For a square matrix $A\in\mathbb{R}^{n\times n}$, an eigenpair $(\lambda,x\neq 0)$ satisfies $Ax=\lambda x$. If $A$ has $n$ linearly independent eigenvectors (i.e., is diagonalizable), then there exist an invertible $X$ and a diagonal $\Lambda=\mathrm{diag}(\lambda_1,\dots,\lambda_n)$ such that

$$A=XΛX^{-1}\quad\text{and}\quad AX=ΛX$$

A particularly important special case is the real symmetric (or complex Hermitian) case, where the spectral theorem guarantees the following orthogonal diagonalization:

$$A=A^T ⇒ A=QΛQ^T, \quad Q^TQ=I, Λ∈\mathbb{R}^{n\times n} diagonal$$

*When does $A=X\Lambda X^{-1}$ exist?*

* $A$ is diagonalizable over $\mathbb{C}$ iff the direct sum of eigenspaces has dimension $n$ (equivalently, the minimal polynomial has no repeated root). If not, $A$ is defective and has a Jordan form instead of a diagonal one

* Over $\mathbb{R}$, a real $X\Lambda X^{-1}$ requires a full set of real eigenvectors

**Useful Special Cases for Finding the EVD computationally**

* Symmetric/Hermitian: $A=Q\Lambda Q^\top$ (or $Q\Lambda Q^{!*}$ in complex). Use `np.linalg.eigh` (most accurate; returns real eigenvalues and orthonormal eigenvectors).

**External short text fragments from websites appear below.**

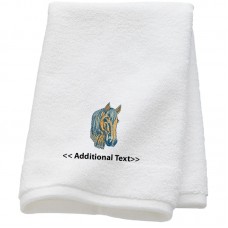Personalised Horse Custom Embroidered  Terry Cotton Towel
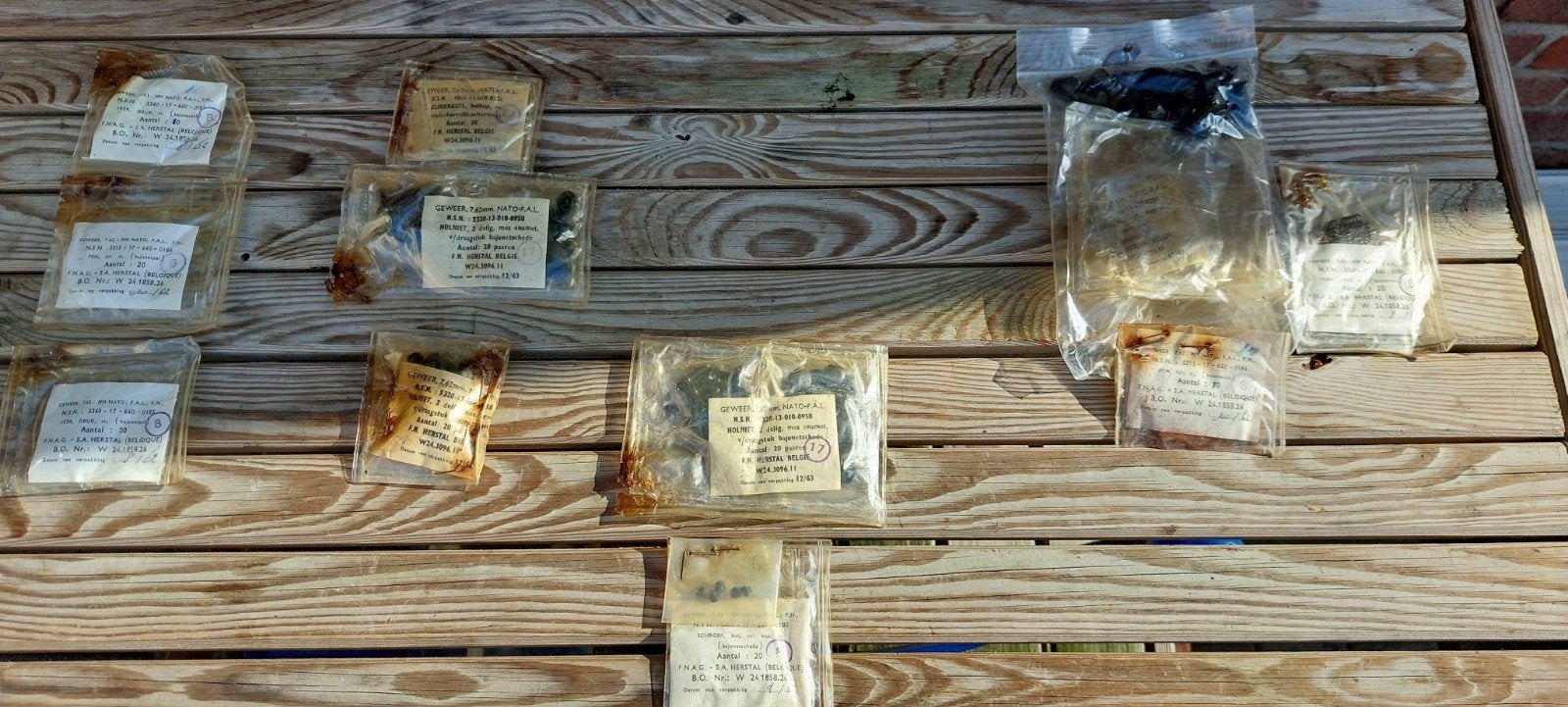 groot lot NL FAL verpakte onderdelen ex leger, Verzamelen, Ophalen of Verzenden, Landmacht, Nederland, Overige typen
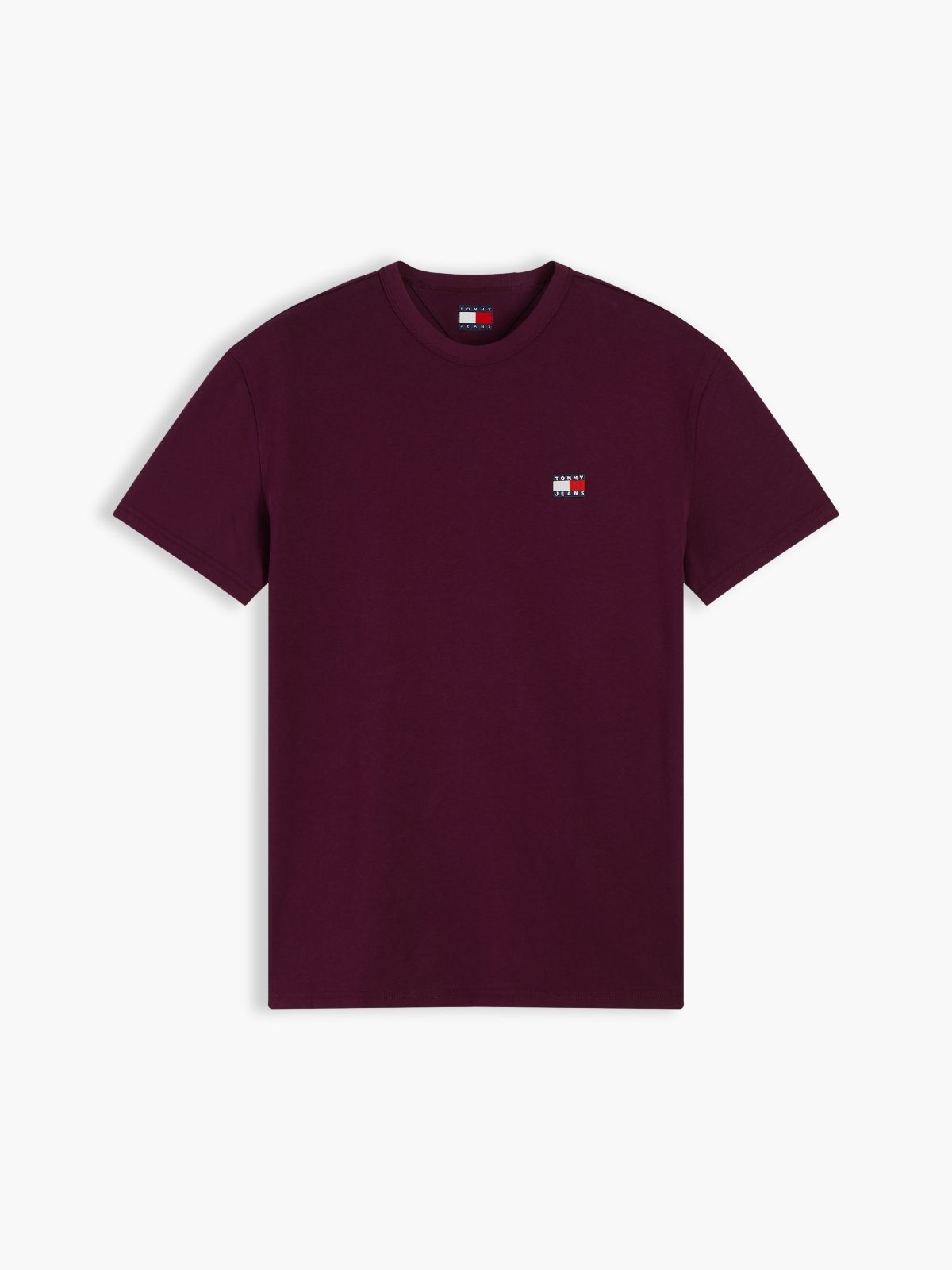 Tommy Badge Jersey Crew Neck T-Shirt — Purple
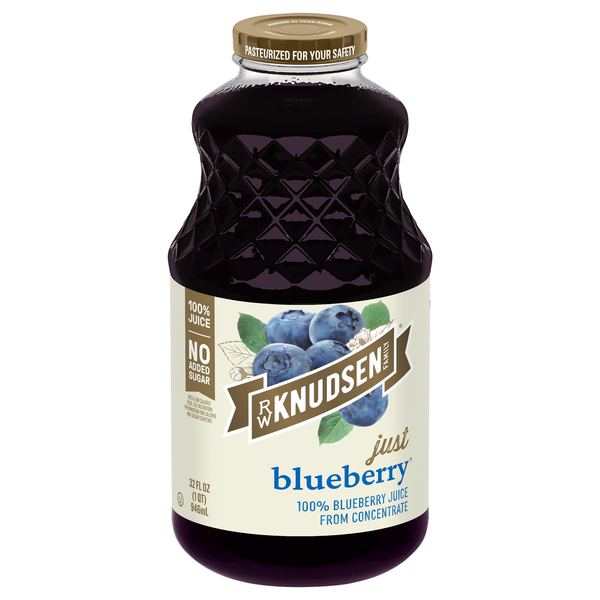 Juice & Nectars R.W. Knudsen Family Just Blueberry Juice, 100% Juice hero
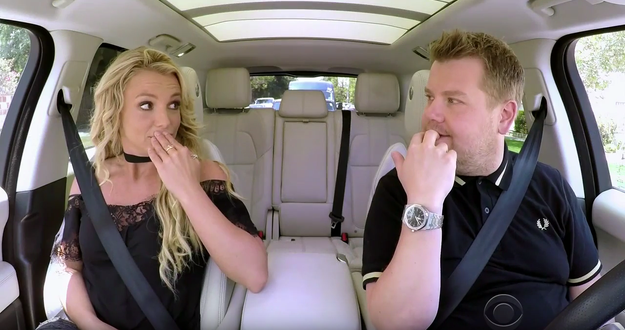 "Carpool Karaoke" is a segment of The Late Late Show where James Corden invites famous people to drive around LA with him and sing songs, and this week's guest was none other than QUEEN OF POP, Britney Spears.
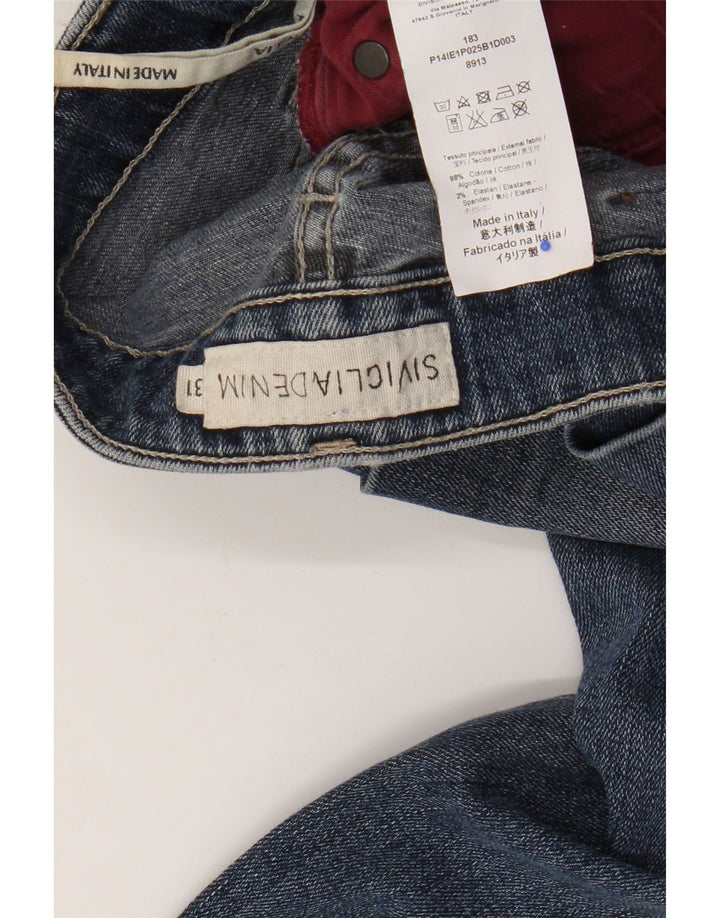 SIVIGLIA Damen Slim Jeans W31 L30 Blaue Baumwolle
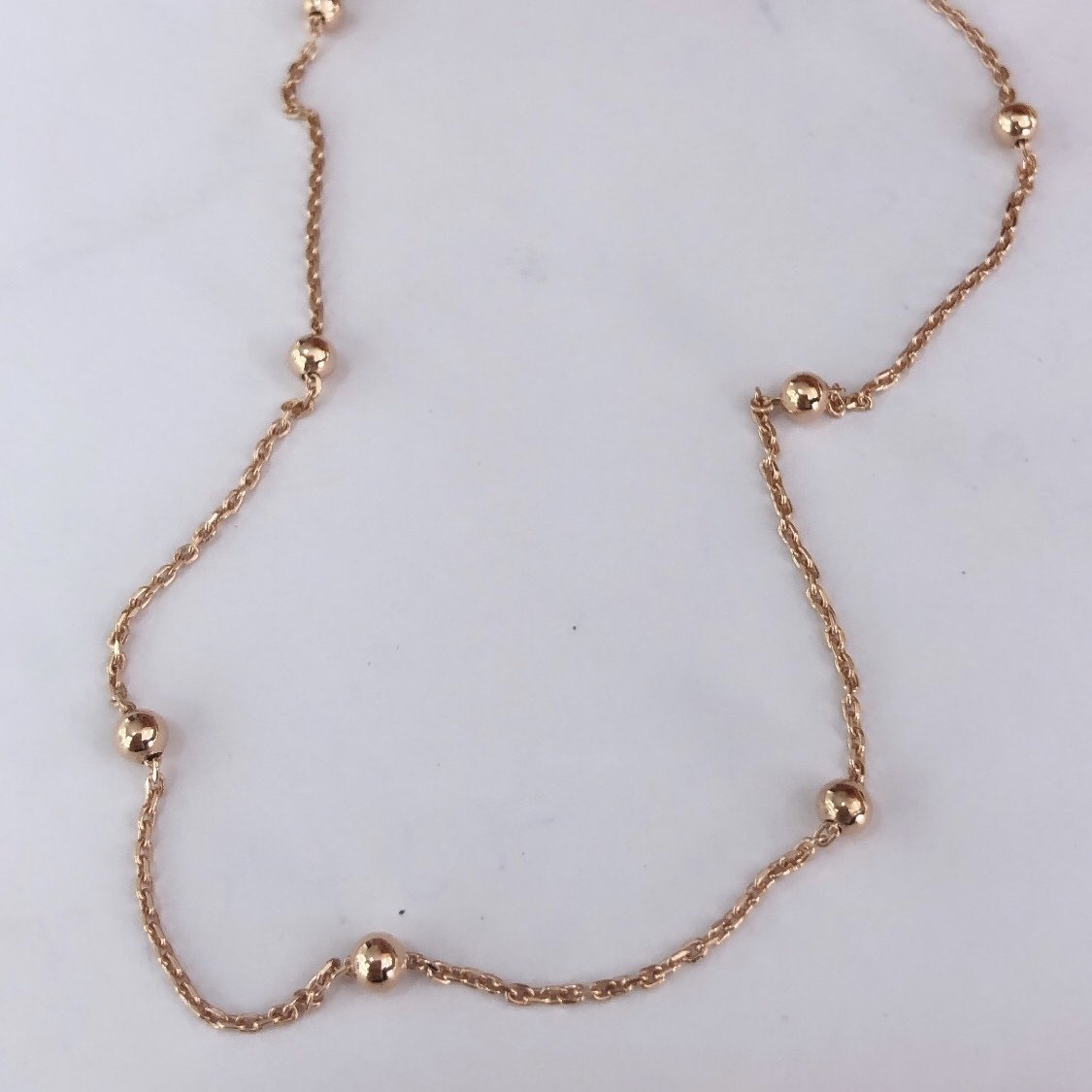 Düz Topçuklu İtalyan Kolye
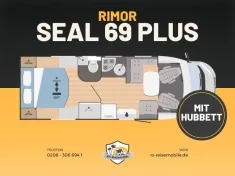 Bild 2 Rimor Seal 69 Plus *Queensbett verstellbar*Hubbett*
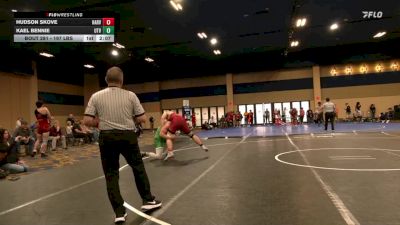 197 lbs C Of 16 #2 - Hudson Skove, Harvard vs Kael Bennie, Utah Valley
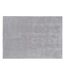 Tapis en coton et polyester effet viscose argent Undra-1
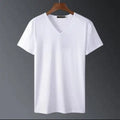 Ayu Men’s Essential V-Neck Tee – Classic White
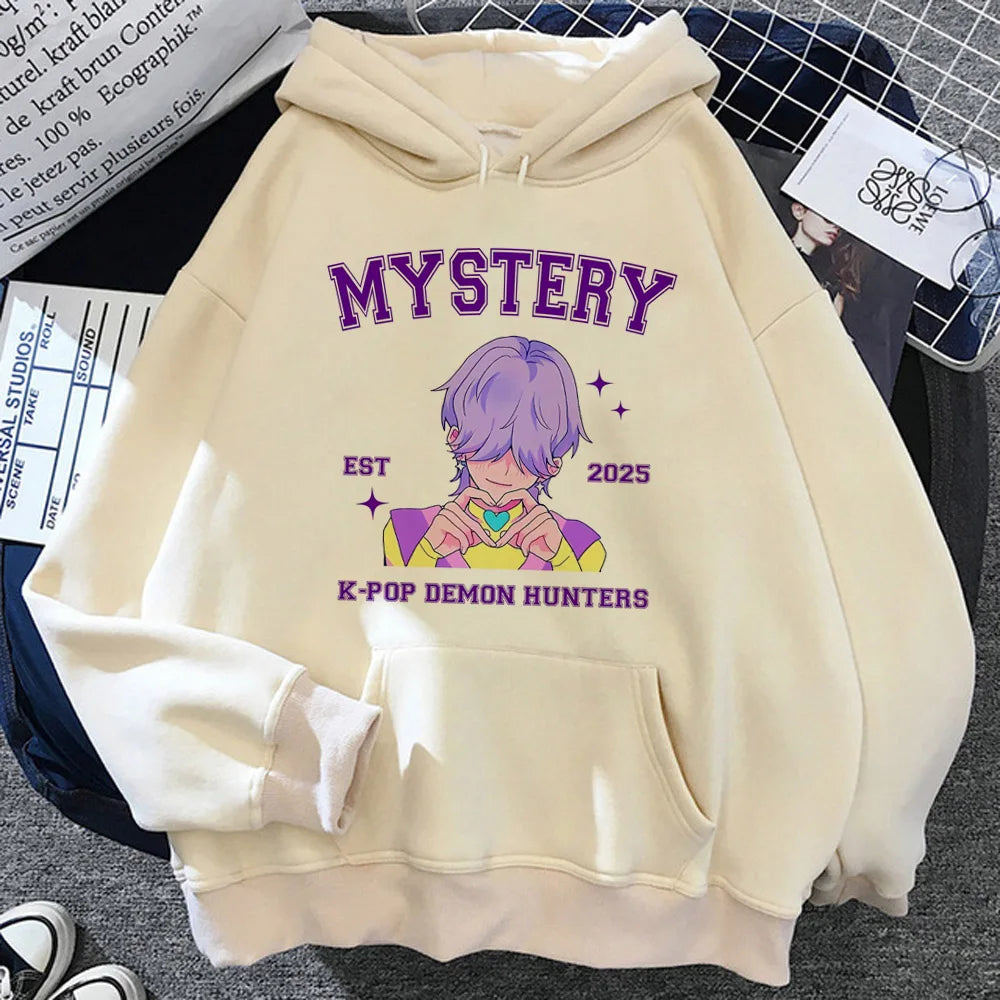 KPop Demon Hunter Long Sleeve Tops Girls Fashion Hoodie Harajuku Streetwear Hoodie Women 2025 Girls Clothing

* Normal matrices (commute with their transpose/unitary adjoint): unitarily diagonalizable; use `eigh` in the Hermitian case.

* General (possibly nonsymmetric): use `np.linalg.eig` (eigenvalues/vectors may be complex; eigenvectors need not be orthogonal).

**Why is EVD important in machine learning?**

* PCA via covariance: For centered data $X\in\mathbb{R}^{m\times d}$, the covariance $C=\frac{1}{m-1}X^\top X$ is symmetric PSD. Its EVD $C=Q\Lambda Q^\top$ gives principal directions (columns of $Q$) and explained variances (diagonal of $\Lambda$). (This matches SVD: $X=U\Sigma V^\top \Rightarrow C=V\Sigma^2V^\top$.)

* Quadratic forms & Rayleigh quotient: For unit $x$, $x^\top A x\in[\lambda_{\min},\lambda_{\max}]$ when $A$ is symmetric. This underlies variance maximization in PCA and many optimization bounds.

* Matrix functions & dynamics: If $A=Q\Lambda Q^\top$ (symmetric), then $A^k=Q\Lambda^kQ^\top$ and $e^{A}=Qe^{\Lambda}Q^\top$. This decouples linear systems and graph diffusion.

**Task**

Implement a helper function `evd_symmetric` that calls np.linalg.eigh(A) and verifies $A\approx Q\Lambda Q^\top$ and $Q^\top Q=I$.

In [None]:
def evd_symmetric(A):
    # TODO: Implement solution here
    return

# quick test
rng = np.random.default_rng(0)
M = rng.normal(size=(6,6)); A = 0.5*(M+M.T)

# evaluate reconstruction and orthonormal Q
Q, w, ok, ortho = evd_symmetric(A)
print("reconstruct?", ok, "orthonormal Q?", ortho)


reconstruct? True orthonormal Q? True